La période de la grossesse souvent centrée sur le côté souvent médical peut laisser peu de place à l’expression des ressentis, des doutes, des émotions … Cela peut être un moment de vulnérabilité avec la reconnaissance des symptômes du premier trimestre, un décalage culturel, des craintes, une surinformation provenant des réseaux sociaux, la question des différents modes d’accueil du jeune enfant, un « chamboulement psychique » ….
Après la naissance, je fais un travail d’accueil des mamans, des parents avec leur bébés jusque 3 ou 4 mois. En effet, les mamans restent très peu de temps à la maternité après la naissance et peuvent se retrouver parfois seules à la maison, un peu démunies. C’est l’occasion pour ces parents d’échanger entre eux, de rompre l’isolement, de se rendre compte de questionnements communs autour du sommeil, de l’alimentation, des besoins de l’enfant et de leurs besoins … Sans bien sûr qu’il y ait un mode d’emploi universel, et mon travail est de proposer des ajustements mutuels réguliers, un accordage en fonction de chacune et chacun.
Vous avez participé à l’écriture du livre « Bébés Covid, enfants du confinement » : de quoi s’agit-il ?

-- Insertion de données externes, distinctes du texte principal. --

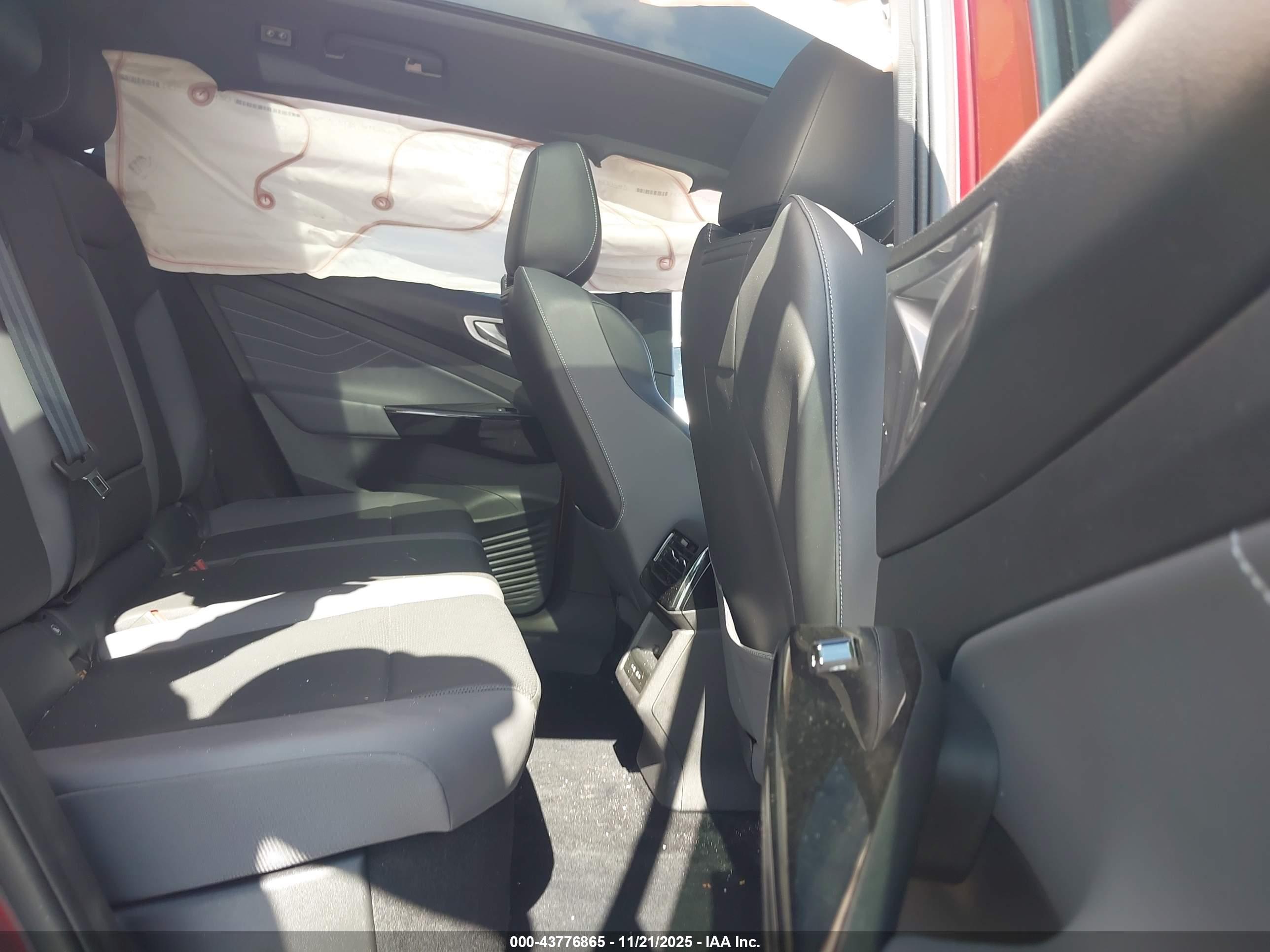 VOLKSWAGEN ID.4 image 8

Le livre « Bébés Covid, enfants du confinement » est un ouvrage collectif qui témoigne de la nécessité de prendre en compte les sciences humaines et sociales lors de la gestion de crises et notamment du rôle des psychologues. Ce rôle se situe à différents niveaux : dans la clinique auprès des patients de différentes institutions (PMI, les hôpitaux, les crèches …) dans la réflexion et l’analyse des vécus mais aussi comme force de proposition. C’est un livre comme «lanceur d’alerte» qui « revisite » la traversée de la pandémie de Covid 19 du point de vue des familles, des enfants, des professionnels, des institutions et de la société à travers de nombreux témoignages. Il est important pour ne pas oublier et pour bénéficier de l’expérience du passé lors de prochaines crises.
Quels sont les enjeux dont vous pouvez témoigner et qui touchent les enfants jusqu’à environ leur 3 ans ?

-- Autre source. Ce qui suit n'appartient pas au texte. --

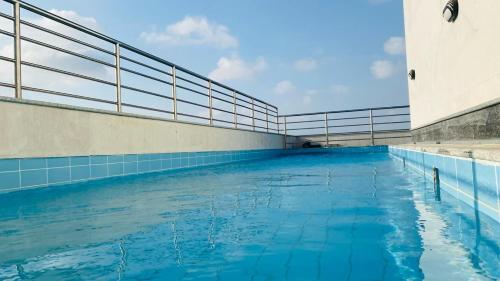 - une piscine d'eau bleue dans un bâtiment dans l'établissement فندق سافوي جدة Savoye Hotel, à Djeddah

Les enfants ont toujours soif de découvrir, ils sont curieux et s’émerveillent. Ce sont les expériences sensorielles et motrices qui, au début de leur existence, leur permettent d’analyser et de comprendre le monde qui les entoure. Ils sont des « guetteurs capteurs » et ne demandent qu’à explorer.
Une fois que les conditions de leur environnement sont propices tout d’abord à ce qu’ils se sentent sécurisés, ils sont alors avides de découvrir. Découvrir avec les 5 sens, c’est apprendre avec tout son être. Nous savons que c’est dès le plus jeune âge que le cerveau est le plus réactif à la découverte et que la stimulation des sens permet le développement du cerveau, du langage, de la mémoire, l’apprentissage, la curiosité et de l’empathie.
C’est en s’habituant à porter son attention sur une information sensorielle, qu’on entraine la
concentration, suscite la curiosité, et incite au partage avec les autres, à l’attention aux autres, à la rencontre avec la différence. Favoriser par exemple l’éveil olfactif dès le plus jeune âge permet aussi d’appréhender l’alimentation autrement.
Se rendre compte de la nécessité des expériences sensorielles et motrices pour le développement des petits est un atout pour les petits d’aujourd’hui.